Hanno ritmi di vita intensi, ma la loro esistenza – in termini astronomici – è breve e queste peculiarità le hanno rese un enigma per molto tempo: sono le stelle supergiganti blu, salite agli onori della cronaca per uno studio appena pubblicato su Nature Astronomy (articolo: “Low-frequency gravity waves in blue supergiants revealed by high-precision space photometry”), che cerca di spiegarne i tratti salienti, basandosi anche sull’astrosismologia. La ricerca, svolta da un team internazionale di ricercatori, è stata coordinata dalla Katholieke Universiteit Leuven (Belgio) ed ha visto anche la partecipazione dell’Università di Newcastle (Regno Unito), che ha curato le simulazioni informatiche; oltre ai modelli, gli astronomi hanno utilizzato i dati delle missioni Kepler/K2 e Tess, ambedue ‘targate’ Nasa. In alto, l’immagine di una simulazione idrodinamica dell’interno di una supergigante blu (Credits: © Tamara Rogers, Newcastle University)

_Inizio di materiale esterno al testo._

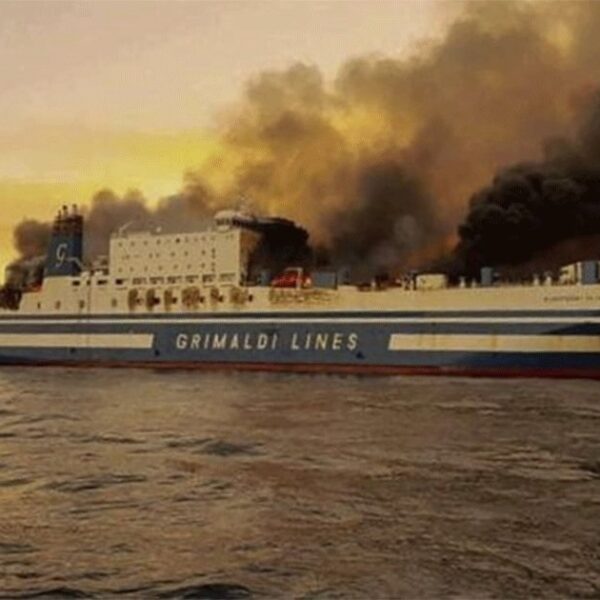 Se incendia ferry con 290 personas en costas de Grecia (VIDEO).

Com’è noto, le stelle si presentano con dimensioni e colori differenti: alcune sono simili al nostro Sole e vivono tranquillamente per miliardi di anni, altre, invece, sono di gran lunga più massicce e hanno un’esistenza breve e agitata, prima di esplodere come supernove. Le supergiganti blu appartengono a questo secondo gruppo e, prima dell’avvento dei telescopi spaziali, sono state osservate raramente; di conseguenza, la comunità scientifica ne aveva una conoscenza limitata. Queste stelle, oltre a produrre la maggior parte degli elementi metallici presenti nell’Universo, sono caratterizzate da uno scintillio dovuto alla presenza di onde sulla loro superficie.

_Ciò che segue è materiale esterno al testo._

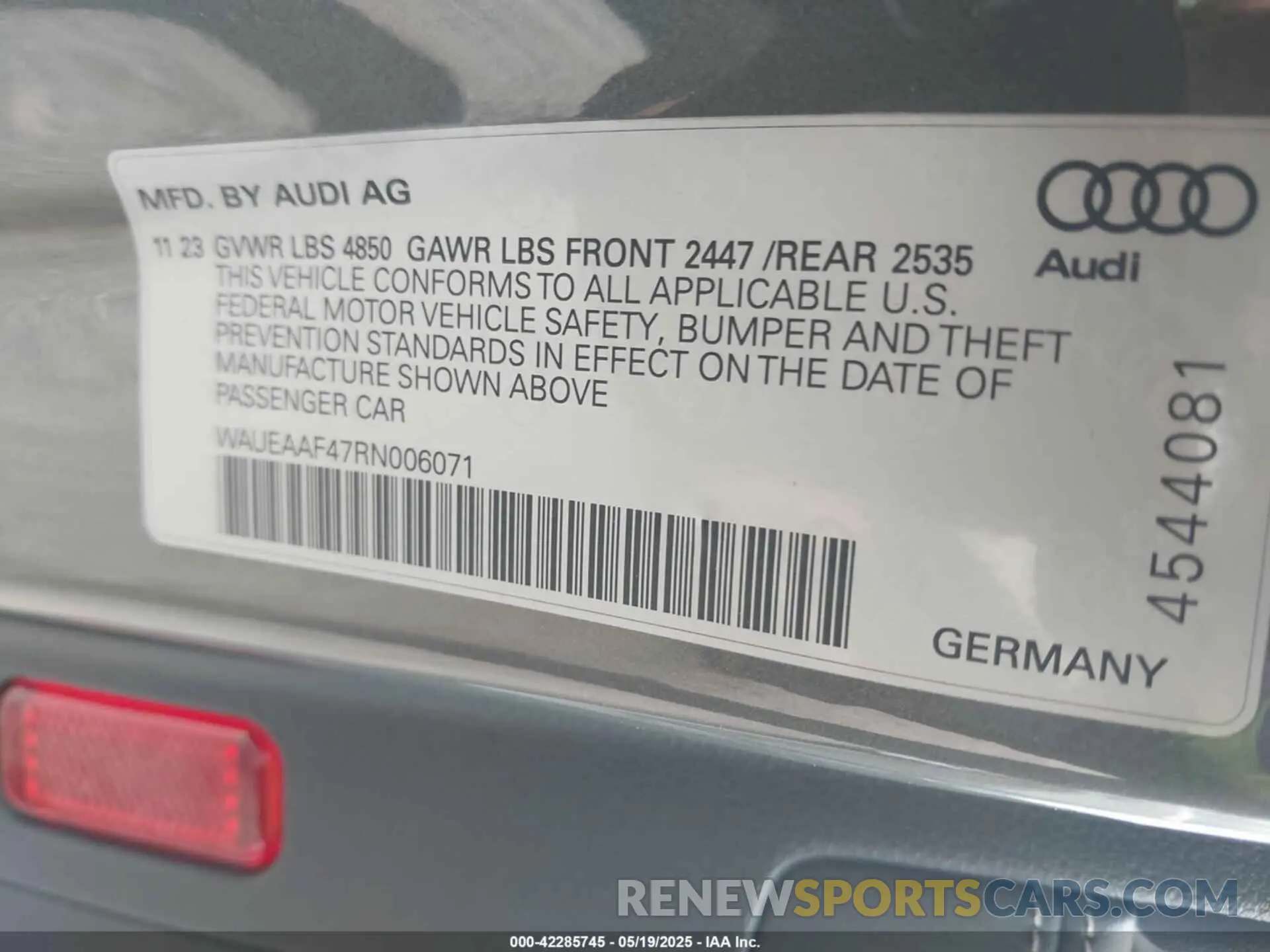 9 Фотография поврежденного автомобиля WAUEAAF47RN006071 AUDI A4 2024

Gli scienziati dell’Università di Newcastle hanno lavorato a lungo per realizzare delle simulazioni adeguate, ipotizzando per tale scintillio l’azione di onde di gravità provenienti dall’interno delle stelle. I dati raccolti da Kepler/K2 e Tess hanno confermato questo fenomeno, che coinvolge la maggior parte delle supergiganti blu. Le onde di superficie, inoltre, possono raccontare molto su questi astri over size: dall’analisi delle frequenze è possibile ricavare dati sulla loro struttura interna, nucleo compreso, e sui processi chimici e fisici che le caratterizzano. Secondo gli autori, lo studio ha dei risvolti importanti per quanto riguarda le ricerche sulle supernove, dato che le supergiganti blu ne sono spesso l’origine.